On Saturday mornings, my 5 year old son goes to football training. This means I stand on a cold school playing field next to some other cold (and socially awkward) dads making small talk about how cold it is. A few Saturdays ago a dad who works in the IT department for a large city bank was on the phone for large parts of the session. Working in IT there are certain words or expressions that exhibit the cocktail party effect.
So, without wishing to eavesdrop I could not help but overhear these phrases: “unix patching”, “how long till we can restore service” and “rollback plan”. I could tell he was dealing with a legacy piece of his IT estate, so I did not ask him why he did not have a resilient set up that allowed him to use A/B patching groups and chose not to comment that ‘planned downtime’ is still downtime and should not really be tolerated.
Unless you work in a start up and/or have only one product line, then you probably have something running that you really should have shut down and put on freecycle long ago.
However, decommissioning old systems is neither glamorous, nor much of a business priority most of the time. The FT celebrated 125 years of business last year and we have numerous product lines and publications in online and paper based mediums. So, although we don’t have anything relying on a Babbage difference engine, there are a few systems that could do with consigning to a skip. That said, we have managed to start addressing this old kit. We are most of the way through turning off some legacy systems with the products that rely on them being either switched off completely or migrated onto newer shinier equipment.
Generating the momentum to attack these systems and getting the cooperation from other teams (with their own competing priorities) was the first part of this process. To foster enough desire to dedicate people’s time and effort to decommissioning, and to undertake the work itself, we stumbled across a series of steps which can be distilled into a few bullet points.
- Make a realistic Total Cost of Ownership (TCO) assessment and put it in front of everyone that makes decisions. This must include not only the hosting or power costs but also both the support costs of looking after old systems and the development costs of having to code around them too.
- Frighten the decision makers into action. Detail how many components of the system are End Of Life (EOL) or dropping out of support and use graphs like this bathtub curve of hardware failure rates from wikipedia.

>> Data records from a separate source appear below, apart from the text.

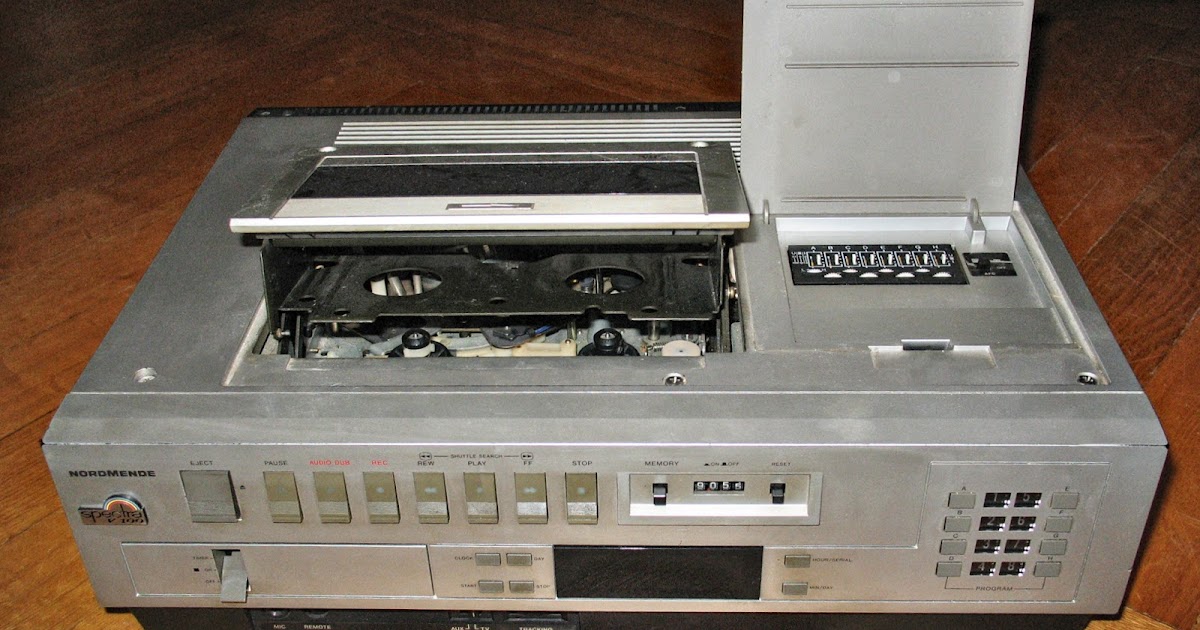 thatgeekdad If you didn't know, VCRs were still being made, but not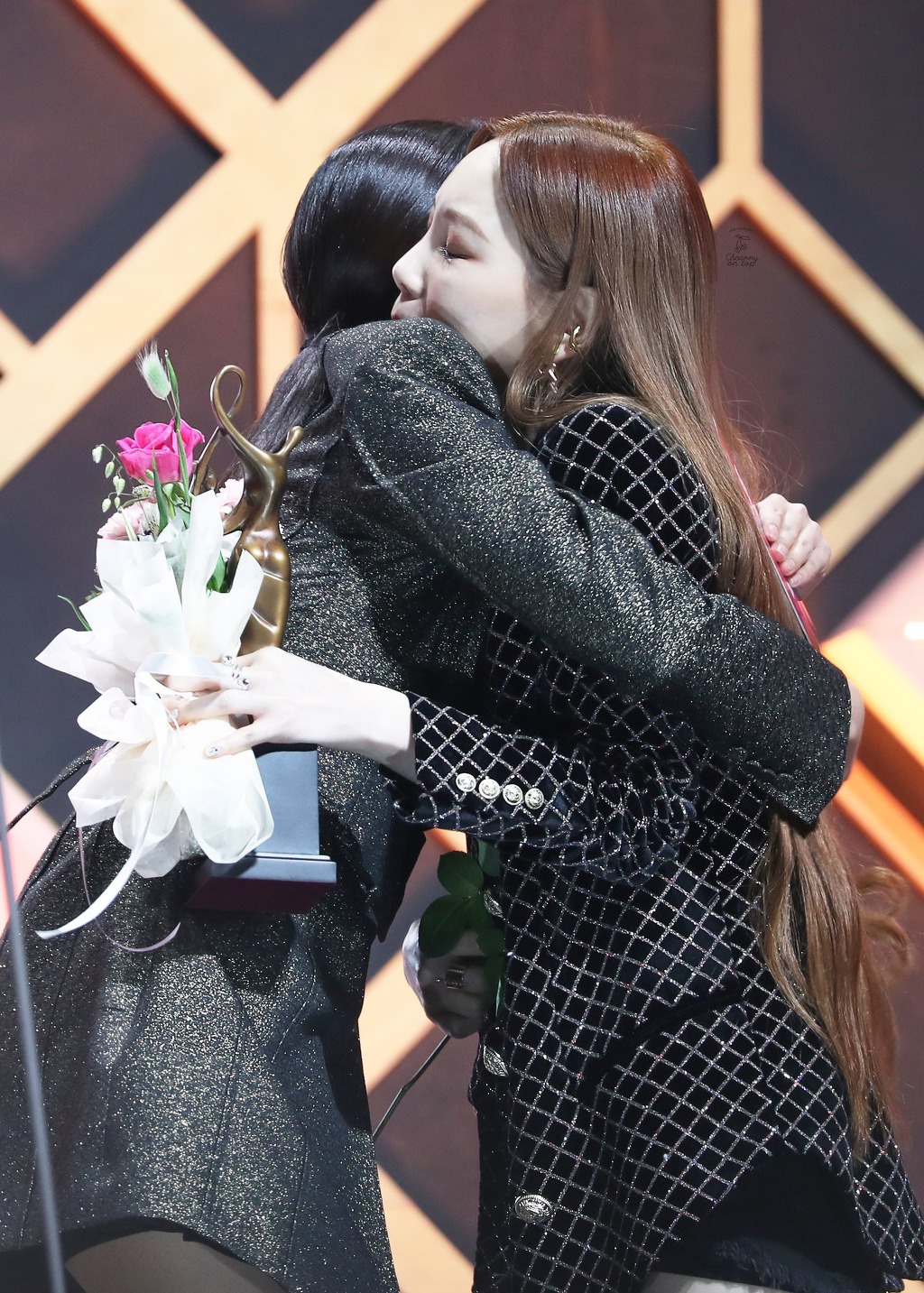 9984B7355E87676901057E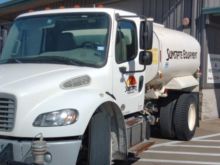 2017 Freightliner M2106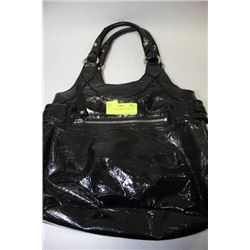BLACK GUESS PURSE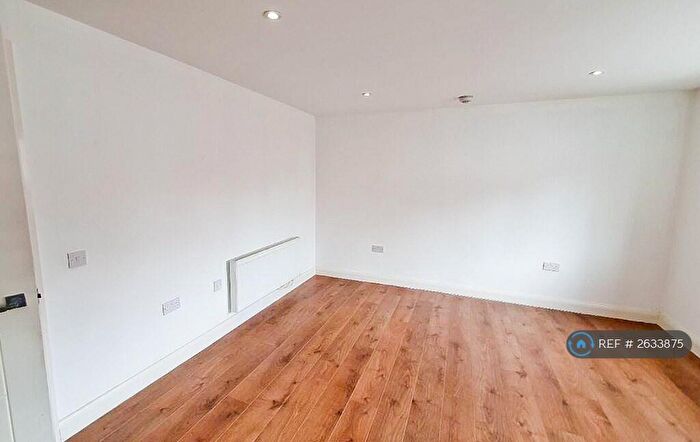 1 Bedroom Flat To Rent In Knighton Lane, Leicester, LE2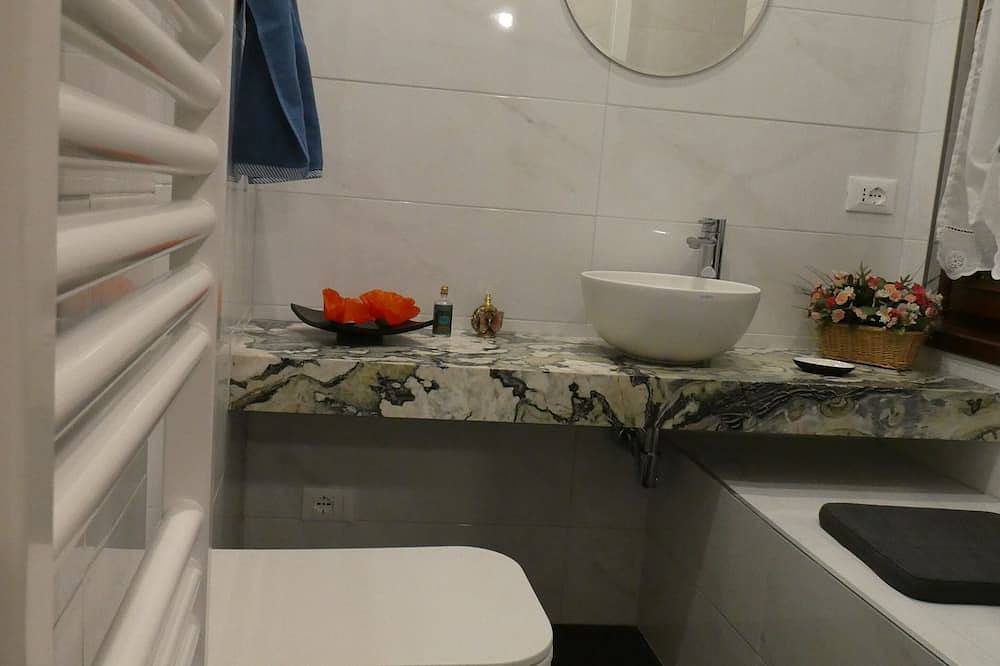 Haus im paradiesischen Garten oberhalb v. Gargnano für Individualisten u. Kinder in Gargnano, Gardasee-Berge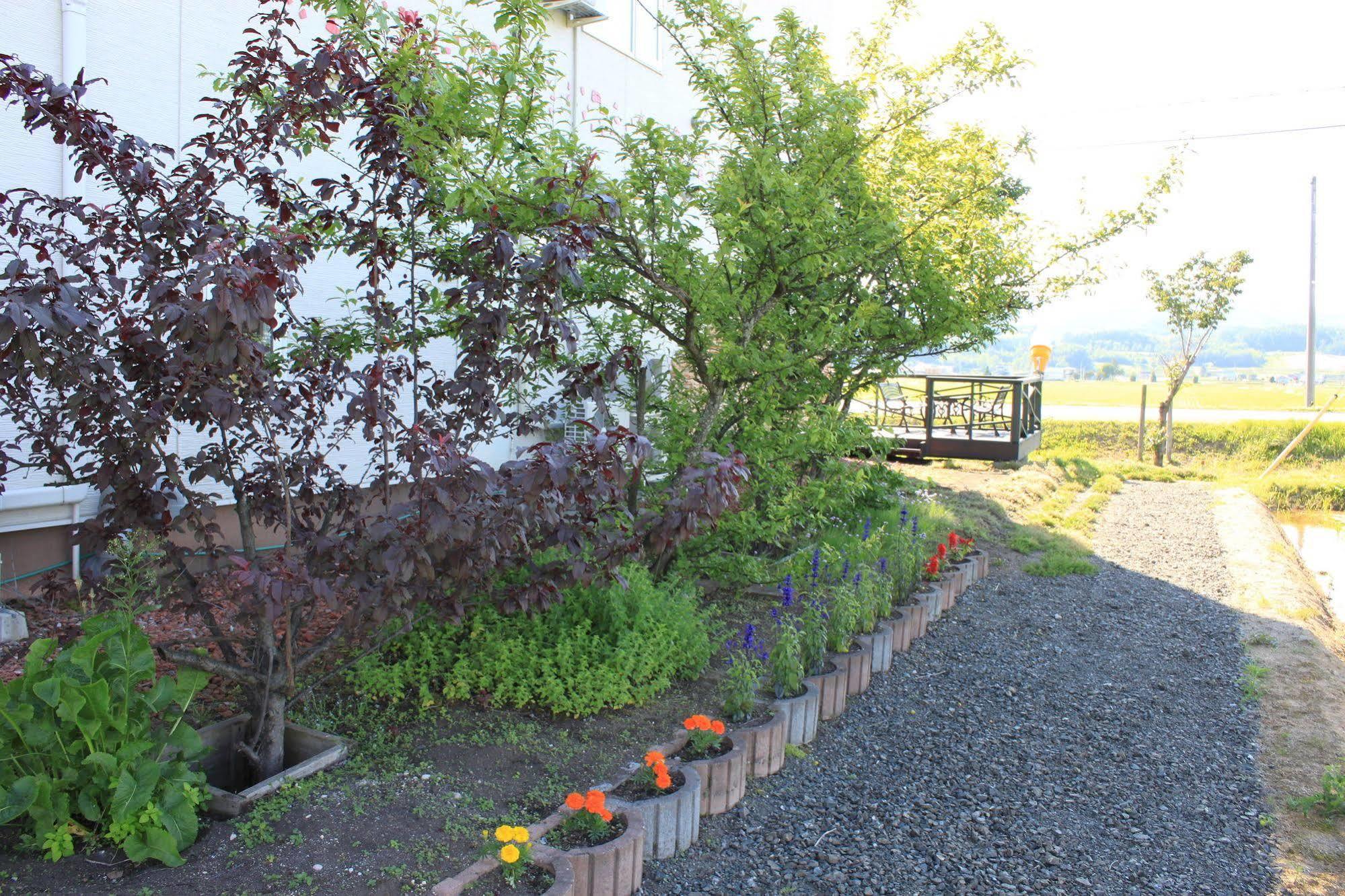 Petit Hotel Blanc Fleur Nakafurano Exteriör bild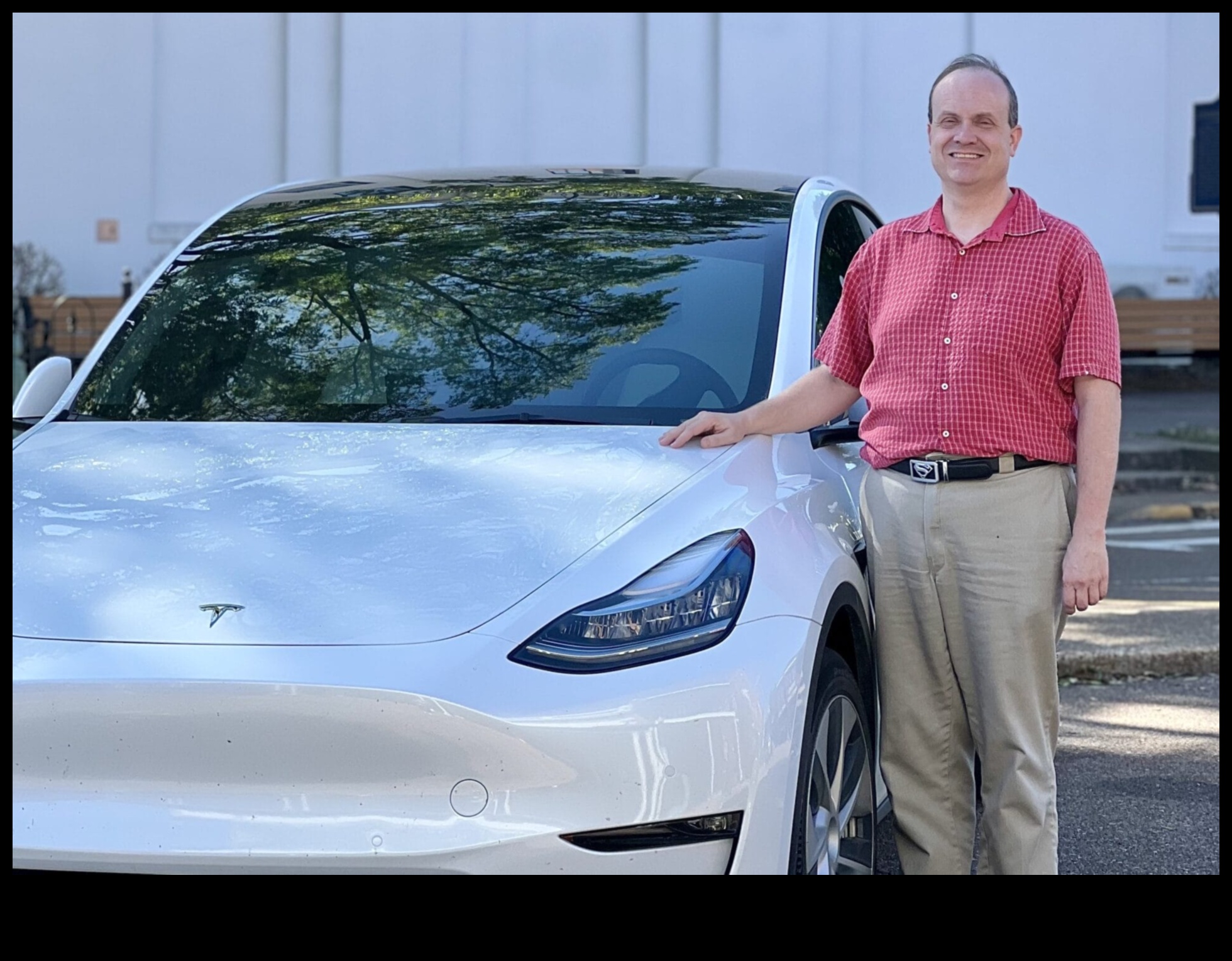 حكايات تسلا: قصص مثيرة من طليعة ابتكارات السيارات الكهربائية 4 حكايات تسلا: سجلات من طليعة ابتكار المركبات الكهربائية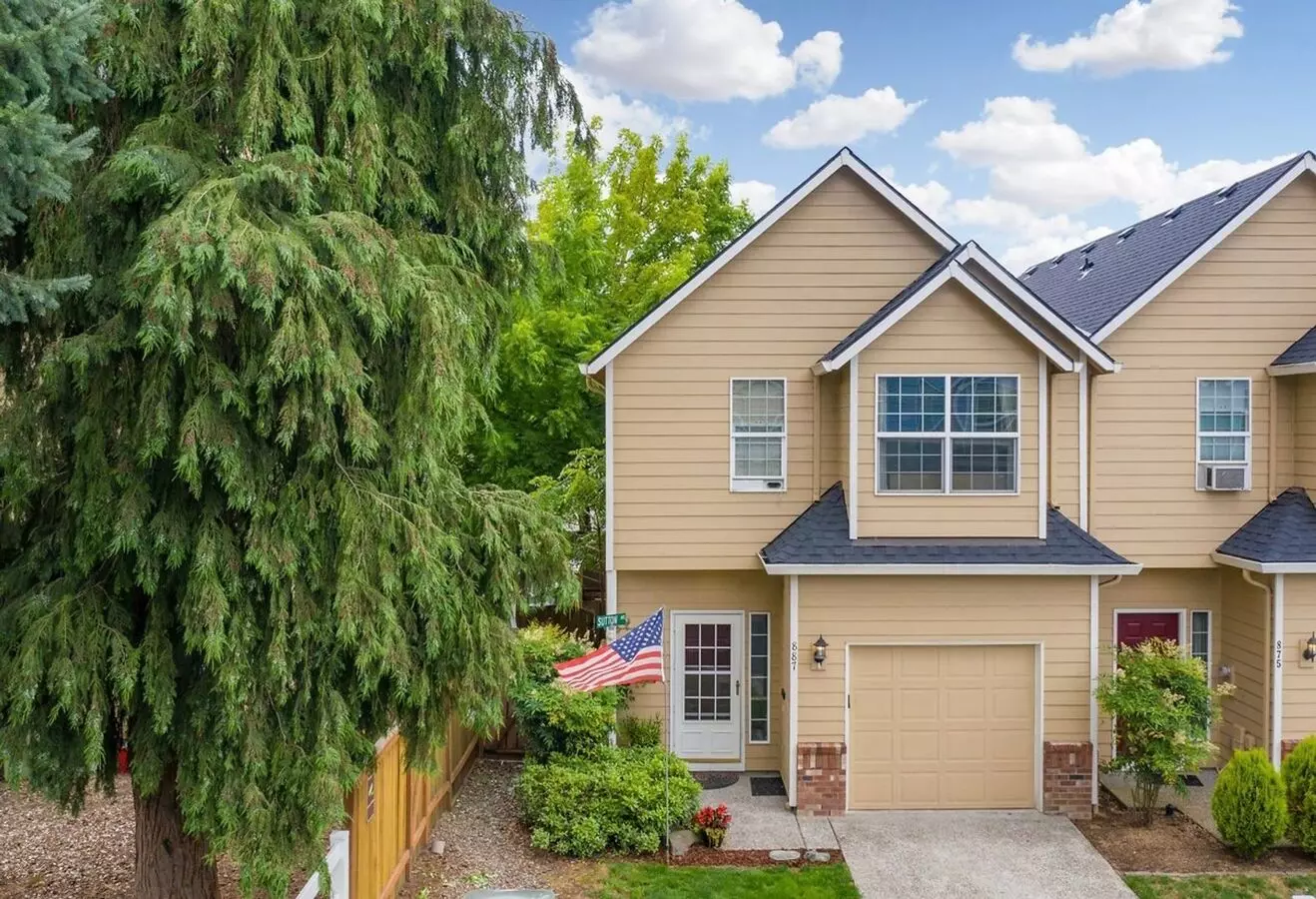 Better Than New! Stunning Beaverton End-unit Townhome Loaded W/ Upgrades! House for rent in Oregon City, OR
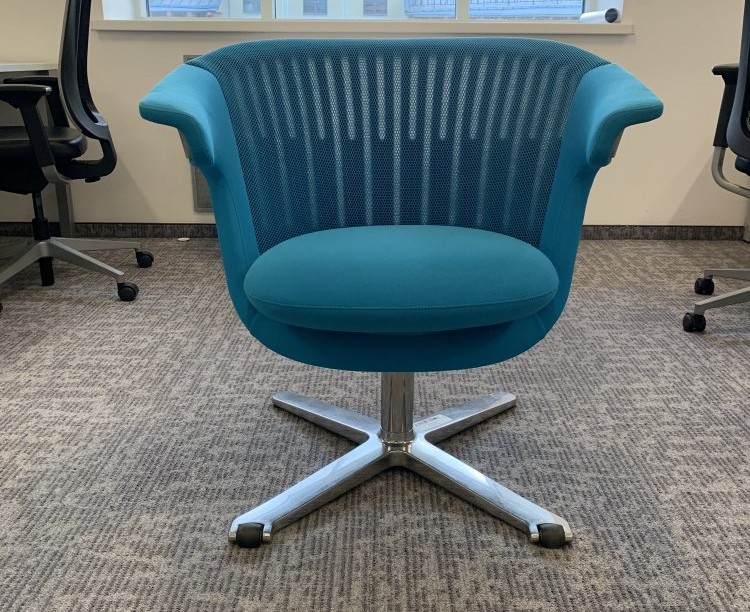 Кресло офисное Steelcase i2i Platinum
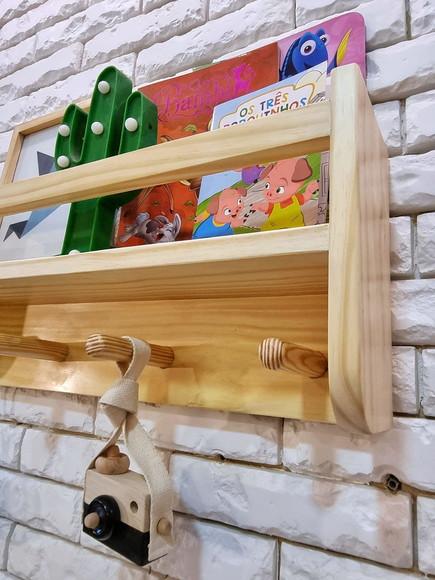 Prateleira de Livros com Ganchos Organizadores Juma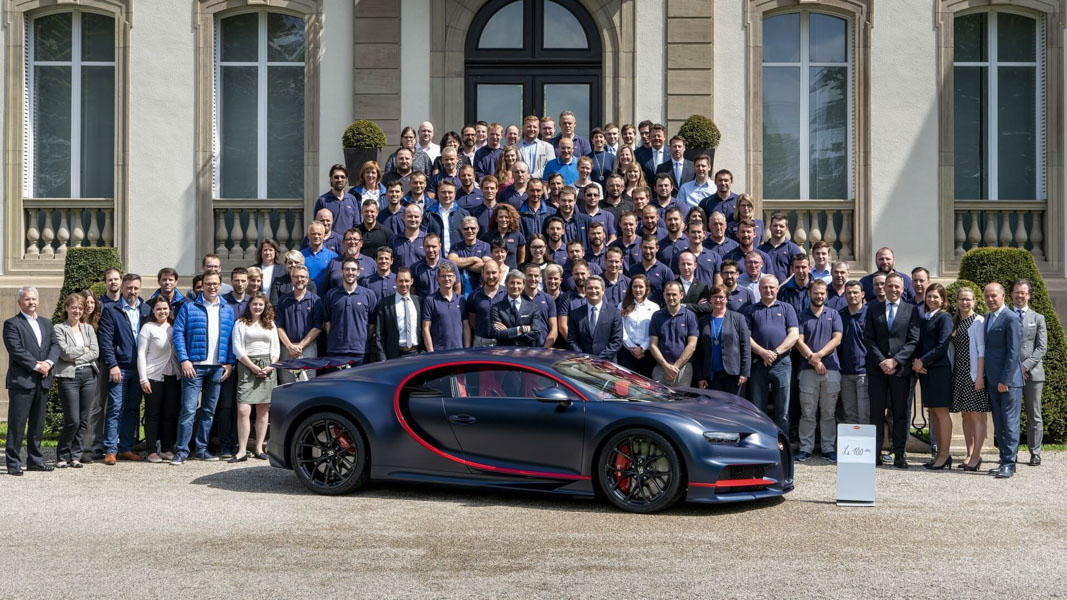 Siêu xe đắt giá - Bugatti Chiron thứ 100 xuất xưởng - 1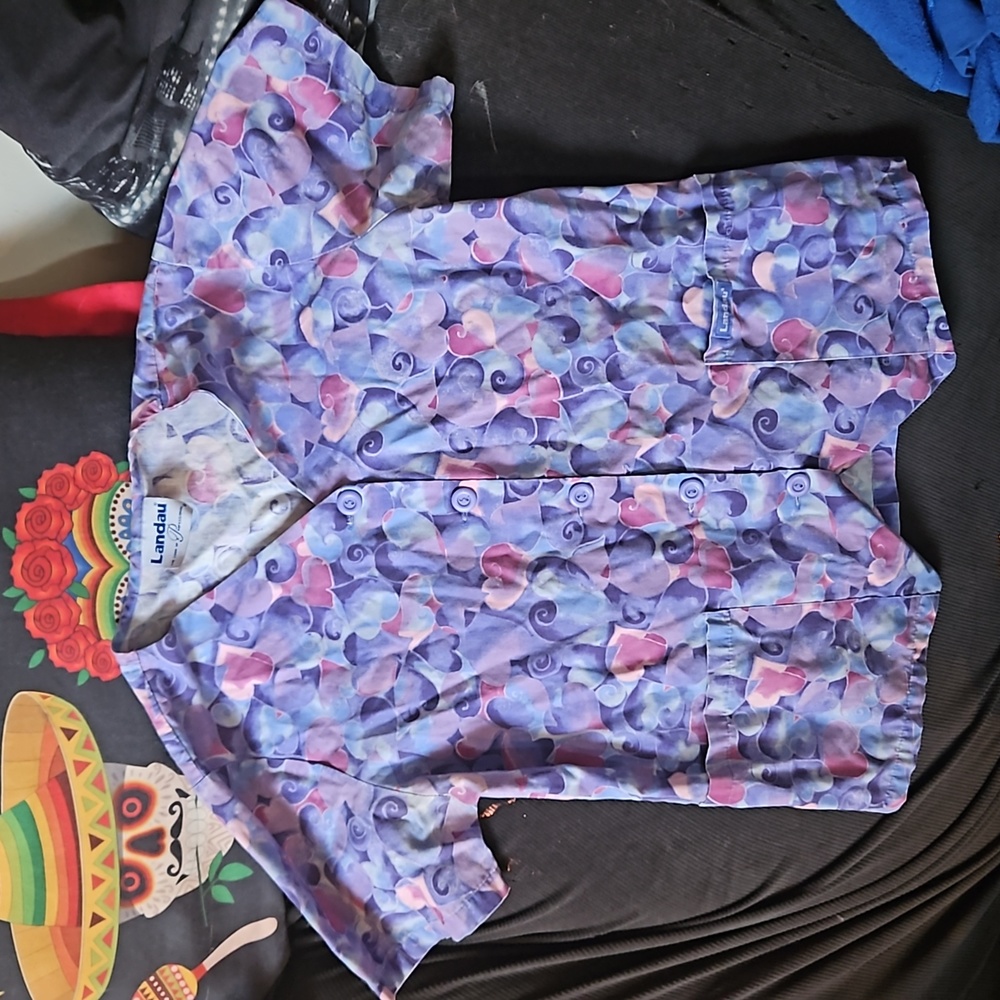 Scrub top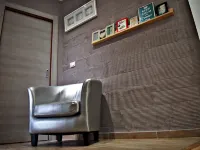 The Golden Gate Hotels in Naro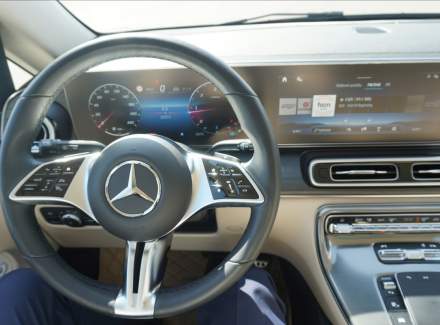 Mercedes-Benz - V-class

- Tell people you will take on the problem. The first two points (if you have repeated them often enough) should have convinced people that there is a need to remove some old systems. They will now be aware that there is a problem and will want someone to tidy up for them. This is not the exciting end of IT, and your senior management team will just want someone to make the problem go away while they think about newer, more interesting kit. However, as one of my decommissioning team put it, “We are going to put away our old, broken toys before we start playing with the new ones”.
Once you have the green light (and some budget) to start work:
- Turn up the logging and use something to collate and examine the traffic and work your legacy systems are actually handling – at the FT we used Splunk . The devil is always in the detail here; you need to understand your data. How much are your bots or systems monitoring? How much should be dealt with by a different system already in place? Etc.
- Graph your progress. Drive down the traffic piece by painful piece and graph it so that the team and the rest of the business can see there is progress, and so does not lose heart.
- Set a deadline for other teams you depend on. When you understand the traffic the old systems are carrying and have started to prune it back, set a deadline and consider a department-wide countdown to warn other teams what’s coming and focus minds.
- Remind the business about the value of killing the old kit. Show metrics and other examples of benefits, reduced costs, increased simplicity, reduced power consumption, etc while you drive traffic away from the old systems.
- Finally, turn it off anyway. There will still be something that you have not been able to trim back or migrate. Ultimately the only way to find out if it matters may well be to simply pull the plug and see if anyone complains. I once worked with a network manager who, on inheriting a rats nest of cat 5 cabling, said he simply pulled a handful out everyday to find out if any one used them, if no one complained he knew he could tidy up.
Rejoice in turning stuff off, it should be celebrated… However, having decommisioned a system there is a pretty good chance no one will thank you nor, indeed, if you have done a very good job, even notice. In addition, because of the transient nature/pace of change/relentless progress of IT, you will have to start all over again almost immediately. However, I believe that without the janitors, all that relentless progress would eventually grind to a shuddering halt.